[Stored items]

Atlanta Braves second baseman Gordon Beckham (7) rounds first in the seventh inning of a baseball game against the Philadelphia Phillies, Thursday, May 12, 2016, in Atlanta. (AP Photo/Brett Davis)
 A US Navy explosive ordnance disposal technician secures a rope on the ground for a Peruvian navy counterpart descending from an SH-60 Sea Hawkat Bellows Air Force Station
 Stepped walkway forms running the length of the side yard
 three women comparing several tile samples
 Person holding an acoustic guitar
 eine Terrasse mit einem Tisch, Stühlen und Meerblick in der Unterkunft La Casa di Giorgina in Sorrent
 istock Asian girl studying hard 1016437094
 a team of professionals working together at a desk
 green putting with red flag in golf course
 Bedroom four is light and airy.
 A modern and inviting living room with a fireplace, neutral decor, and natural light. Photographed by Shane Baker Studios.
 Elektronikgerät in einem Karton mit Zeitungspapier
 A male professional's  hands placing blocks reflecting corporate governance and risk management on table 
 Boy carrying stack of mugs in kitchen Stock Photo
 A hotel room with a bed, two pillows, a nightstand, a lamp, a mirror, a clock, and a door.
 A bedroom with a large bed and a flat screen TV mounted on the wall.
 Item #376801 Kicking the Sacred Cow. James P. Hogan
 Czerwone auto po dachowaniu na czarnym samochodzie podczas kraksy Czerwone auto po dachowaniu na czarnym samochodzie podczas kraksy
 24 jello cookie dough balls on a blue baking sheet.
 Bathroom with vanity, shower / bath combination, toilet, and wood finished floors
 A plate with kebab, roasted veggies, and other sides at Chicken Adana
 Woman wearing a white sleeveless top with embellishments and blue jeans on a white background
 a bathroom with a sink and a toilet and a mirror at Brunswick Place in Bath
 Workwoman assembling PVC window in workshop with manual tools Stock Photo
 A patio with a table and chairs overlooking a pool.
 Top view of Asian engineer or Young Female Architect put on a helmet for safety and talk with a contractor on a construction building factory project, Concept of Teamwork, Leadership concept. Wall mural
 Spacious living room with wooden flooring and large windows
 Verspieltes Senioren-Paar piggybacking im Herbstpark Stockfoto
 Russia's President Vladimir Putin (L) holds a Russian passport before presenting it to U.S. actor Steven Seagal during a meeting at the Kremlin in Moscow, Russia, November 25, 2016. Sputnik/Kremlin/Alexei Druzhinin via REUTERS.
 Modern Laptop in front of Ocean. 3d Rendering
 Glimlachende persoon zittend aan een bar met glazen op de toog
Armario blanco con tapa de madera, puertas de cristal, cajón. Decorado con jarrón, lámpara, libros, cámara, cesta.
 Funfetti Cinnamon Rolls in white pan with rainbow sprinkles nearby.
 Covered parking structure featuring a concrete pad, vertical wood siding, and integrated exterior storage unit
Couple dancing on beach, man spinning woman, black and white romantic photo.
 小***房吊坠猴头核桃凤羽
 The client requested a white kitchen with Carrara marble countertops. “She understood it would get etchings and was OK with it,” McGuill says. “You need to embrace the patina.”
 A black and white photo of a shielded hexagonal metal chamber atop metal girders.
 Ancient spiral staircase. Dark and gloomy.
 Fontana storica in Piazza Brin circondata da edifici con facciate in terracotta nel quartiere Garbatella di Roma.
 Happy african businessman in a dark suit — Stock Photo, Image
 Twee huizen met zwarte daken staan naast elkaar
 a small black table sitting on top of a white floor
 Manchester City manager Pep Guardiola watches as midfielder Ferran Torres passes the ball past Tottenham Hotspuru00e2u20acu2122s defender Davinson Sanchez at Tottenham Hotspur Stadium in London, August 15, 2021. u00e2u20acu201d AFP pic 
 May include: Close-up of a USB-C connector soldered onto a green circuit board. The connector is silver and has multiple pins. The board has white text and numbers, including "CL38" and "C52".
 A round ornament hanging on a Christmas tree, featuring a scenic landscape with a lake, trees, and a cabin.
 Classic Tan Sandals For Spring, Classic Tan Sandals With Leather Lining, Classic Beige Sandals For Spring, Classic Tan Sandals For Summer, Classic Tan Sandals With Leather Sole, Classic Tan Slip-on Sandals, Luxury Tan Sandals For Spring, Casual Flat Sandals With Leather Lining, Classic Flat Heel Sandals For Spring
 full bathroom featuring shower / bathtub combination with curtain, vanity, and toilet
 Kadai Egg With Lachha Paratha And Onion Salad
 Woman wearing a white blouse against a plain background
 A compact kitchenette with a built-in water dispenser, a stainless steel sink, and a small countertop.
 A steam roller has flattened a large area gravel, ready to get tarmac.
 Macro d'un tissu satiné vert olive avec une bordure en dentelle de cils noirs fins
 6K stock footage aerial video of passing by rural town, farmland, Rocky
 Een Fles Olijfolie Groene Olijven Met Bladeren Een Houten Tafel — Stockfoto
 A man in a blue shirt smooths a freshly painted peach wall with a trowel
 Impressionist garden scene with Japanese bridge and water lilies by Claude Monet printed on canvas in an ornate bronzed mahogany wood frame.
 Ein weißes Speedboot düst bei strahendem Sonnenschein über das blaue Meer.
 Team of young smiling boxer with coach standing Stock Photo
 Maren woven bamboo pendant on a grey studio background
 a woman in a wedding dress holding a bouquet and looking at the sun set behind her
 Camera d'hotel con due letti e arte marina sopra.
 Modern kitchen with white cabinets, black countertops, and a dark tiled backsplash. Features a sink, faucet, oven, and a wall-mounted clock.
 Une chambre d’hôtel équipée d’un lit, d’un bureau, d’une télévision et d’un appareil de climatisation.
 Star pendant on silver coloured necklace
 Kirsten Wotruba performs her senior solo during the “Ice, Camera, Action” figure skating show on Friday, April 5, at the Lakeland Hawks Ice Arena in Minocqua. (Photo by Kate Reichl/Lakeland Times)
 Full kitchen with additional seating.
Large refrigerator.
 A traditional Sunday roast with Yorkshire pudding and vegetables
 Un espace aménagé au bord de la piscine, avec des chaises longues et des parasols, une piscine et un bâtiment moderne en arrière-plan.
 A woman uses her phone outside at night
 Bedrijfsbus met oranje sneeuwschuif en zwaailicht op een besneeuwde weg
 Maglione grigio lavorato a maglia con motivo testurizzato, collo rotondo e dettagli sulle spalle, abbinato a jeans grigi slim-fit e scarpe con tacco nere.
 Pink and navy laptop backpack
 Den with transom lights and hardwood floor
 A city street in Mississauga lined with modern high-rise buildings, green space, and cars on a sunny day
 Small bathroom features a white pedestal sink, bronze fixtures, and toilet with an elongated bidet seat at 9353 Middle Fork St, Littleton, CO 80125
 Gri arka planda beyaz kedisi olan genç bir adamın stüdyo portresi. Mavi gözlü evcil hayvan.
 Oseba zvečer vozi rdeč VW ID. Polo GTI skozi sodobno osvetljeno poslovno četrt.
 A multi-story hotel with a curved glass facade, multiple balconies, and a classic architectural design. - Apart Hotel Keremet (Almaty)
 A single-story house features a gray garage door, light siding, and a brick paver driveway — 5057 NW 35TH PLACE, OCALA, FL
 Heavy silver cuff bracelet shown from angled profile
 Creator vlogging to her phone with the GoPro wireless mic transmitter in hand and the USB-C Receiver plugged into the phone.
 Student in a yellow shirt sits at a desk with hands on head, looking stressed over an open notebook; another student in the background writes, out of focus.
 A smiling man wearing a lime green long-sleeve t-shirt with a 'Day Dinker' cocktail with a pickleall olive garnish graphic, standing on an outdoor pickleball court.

[THE PROBLEM] Reproduce exactly the lines that run from the start of the records to the line with "A patio with", both included.

[RESULT FOR THIS EXERCISE]
Atlanta Braves second baseman Gordon Beckham (7) rounds first in the seventh inning of a baseball game against the Philadelphia Phillies, Thursday, May 12, 2016, in Atlanta. (AP Photo/Brett Davis)
 A US Navy explosive ordnance disposal technician secures a rope on the ground for a Peruvian navy counterpart descending from an SH-60 Sea Hawkat Bellows Air Force Station
 Stepped walkway forms running the length of the side yard
 three women comparing several tile samples
 Person holding an acoustic guitar
 eine Terrasse mit einem Tisch, Stühlen und Meerblick in der Unterkunft La Casa di Giorgina in Sorrent
 istock Asian girl studying hard 1016437094
 a team of professionals working together at a desk
 green putting with red flag in golf course
 Bedroom four is light and airy.
 A modern and inviting living room with a fireplace, neutral decor, and natural light. Photographed by Shane Baker Studios.
 Elektronikgerät in einem Karton mit Zeitungspapier
 A male professional's  hands placing blocks reflecting corporate governance and risk management on table 
 Boy carrying stack of mugs in kitchen Stock Photo
 A hotel room with a bed, two pillows, a nightstand, a lamp, a mirror, a clock, and a door.
 A bedroom with a large bed and a flat screen TV mounted on the wall.
 Item #376801 Kicking the Sacred Cow. James P. Hogan
 Czerwone auto po dachowaniu na czarnym samochodzie podczas kraksy Czerwone auto po dachowaniu na czarnym samochodzie podczas kraksy
 24 jello cookie dough balls on a blue baking sheet.
 Bathroom with vanity, shower / bath combination, toilet, and wood finished floors
 A plate with kebab, roasted veggies, and other sides at Chicken Adana
 Woman wearing a white sleeveless top with embellishments and blue jeans on a white background
 a bathroom with a sink and a toilet and a mirror at Brunswick Place in Bath
 Workwoman assembling PVC window in workshop with manual tools Stock Photo
 A patio with a table and chairs overlooking a pool.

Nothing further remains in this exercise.